La France s’est dotée en 1991 d’une loi pour organiser la future gestion des déchets de haute activité générés par l’industrie électronucléaire. Elle doit beaucoup à son promoteur, le député Christian Bataille, dont elle porte le nom. La loi Bataille a prévu d’importants travaux de recherche et a fixé un calendrier avec un rendez-vous en 2006 pour établir un bilan et proposer les nécessaires décisions. Il est donc prévu que le gouvernement saisisse le Parlement pour débattre, au printemps 2006, d’une nouvelle loi mettant en place la ou les solutions identifiées. Déjà l’Office parlementaire a lancé des auditions et publiera un premier rapport d’ici avril 2005 au Parlement. Au lendemain du choc pétrolier de 1973, la France décidait de se doter d’un parc nucléaire civil important. Ce parc est actuellement de 58 centrales de type eau légère, dont la plus ancienne a passé le cap des 20 ans. Il représente une puissance électrique installée de 60 GWe, et une production de 427 TWhe en 2004, couvrant 80  % du besoin du pays en électricité. Lors du débat national sur l’énergie qui a eu lieu en 2003, il est apparu que l’énergie nucléaire devrait continuer à occuper une place de premier plan dans la production d’électricité. Cela n’exclut en aucun cas les énergies renouvelables, mais il semble que ces énergies ne puissent, au moins à court terme et toutes seules, satisfaire les besoins de puissance exprimé. L’électricité nucléaire présente des atouts significatifs ; des ressources disponibles très importantes, pour autant que l’on sache les utiliser, et une absence de production de gaz à effet de serre. En effet, grâce à sa production nucléaire, la France n’émet que 0,5 t de CO2 par an et par habitant pour sa production d’électricité contre 5 tonnes pour la moyenne européenne.

Le besoin de mettre en œuvre des solutions pour la gestion des déchets a conduit à rechercher des sites appropriés pour leur stockage. Cette démarche a été efficace en ce qui concerne les déchets de faible activité, avec la mise en service du centre de stockage de l’Aube en 1994. En ce qui concerne les déchets de haute et moyenne activité, la France a profité de la solution partielle apportée par le retraitement, solution sûre mais temporaire, avant que d’avoir à décider d’une solution définitive. La loi Bataille, votée en 1991 a tiré parti de ces données techniques et recadré dans un cadre politique l’examen d’une solution définitive par une loi à décider au Parlement. Votée à l’unanimité moins une voix, cette loi a été appliquée par les différents gouvernements de la République. Elle préconisait la poursuite des recherches sur les déchets selon 3 « axes » :

  • solutions permettant la séparation et la transmutation des éléments radioactifs à vie longue,

  • possibilités de stockage en formations géologiques profondes, réversible ou non

  • procédés de conditionnement et d’entreposage de longue durée en surface

Elle a renforcé le rôle de l’Andra (Agence nationale pour les déchets radioactifs créée en 1979 au CEA), transformée en établissement public indépendant. Elle a organisé les modalités de mise en place de laboratoires souterrains et d’information des populations. Elle a mis en place un comité d’experts (la CNE pour Commission nationale d’évaluation) chargé d’évaluer les recherches et d’éditer un rapport sur leur avancement, destiné au gouvernement et au Parlement via l’O.P.E.C.S.T. (rapport public, téléchargeable sur internet).
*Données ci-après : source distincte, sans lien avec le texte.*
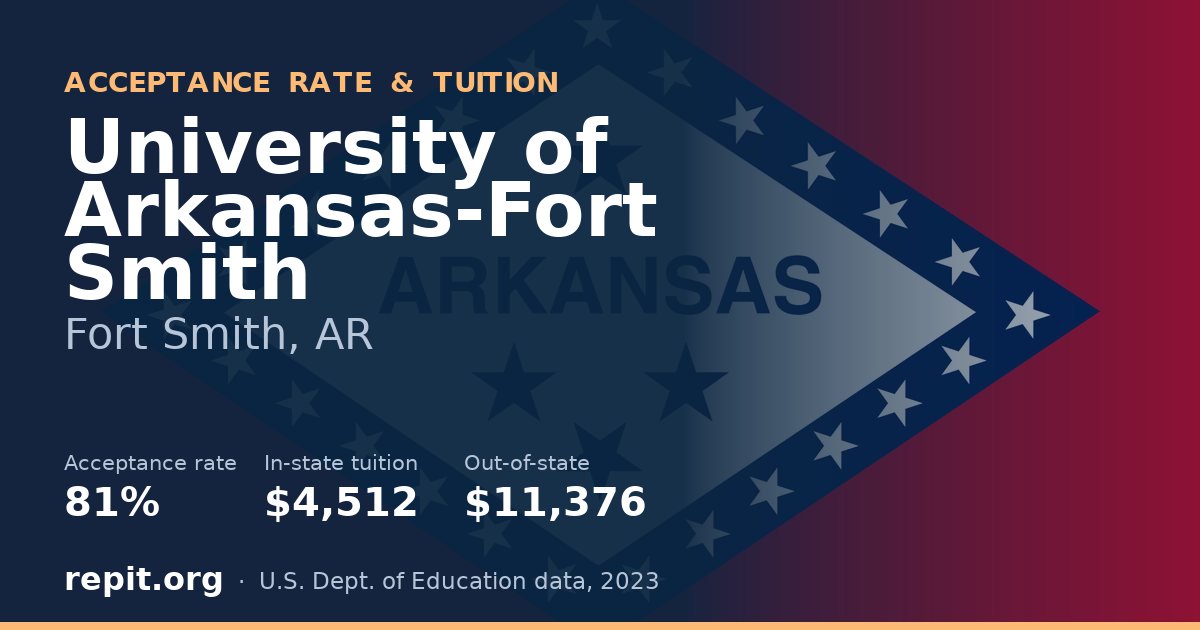 University of Arkansas-Fort Smith — acceptance rate 81%, tuition $4,512 in-state, $11,376 out-of-state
Volume des déchets radioactifs

Volumes en m3 équivalent conditionné

Volumes existants en 2002

Volumes existants en 2020 (prévisions)

Haute et moyenne activité (loi de 1991)

46 998

58 130

Faible activité (stockage de surface)

822 881

1 284 311

Très faible activité (stockages spécifiques)

108 219

515 991

Total

978 098

1 858 432

La loi ne concerne que les déchets de haute et moyenne activité, soit 5  % du volume des déchets. Le tableau page 2 extrait de l’inventaire Andra des déchets radioactifs (consultable sur internet) donne une idée des volumes en question.

Tous les déchets sont maintenant conditionnés sous forme de déchets ultimes au sens de la loi au fur et à mesure de leur production. L’essentiel des déchets de faible et très faible activité ont déjà une destination définitive en site de stockage.

Les déchets de haute et moyenne activité en question, une fois conditionnés, sont entreposés de façon sûre dans l’attente des décisions à venir. En effet, la France a fait le choix de traiter ses combustibles nucléaires usés, ce qui permet à la fois d’en recycler la partie valorisable et de conditionner les produits de fission dans une matrice stable, le verre.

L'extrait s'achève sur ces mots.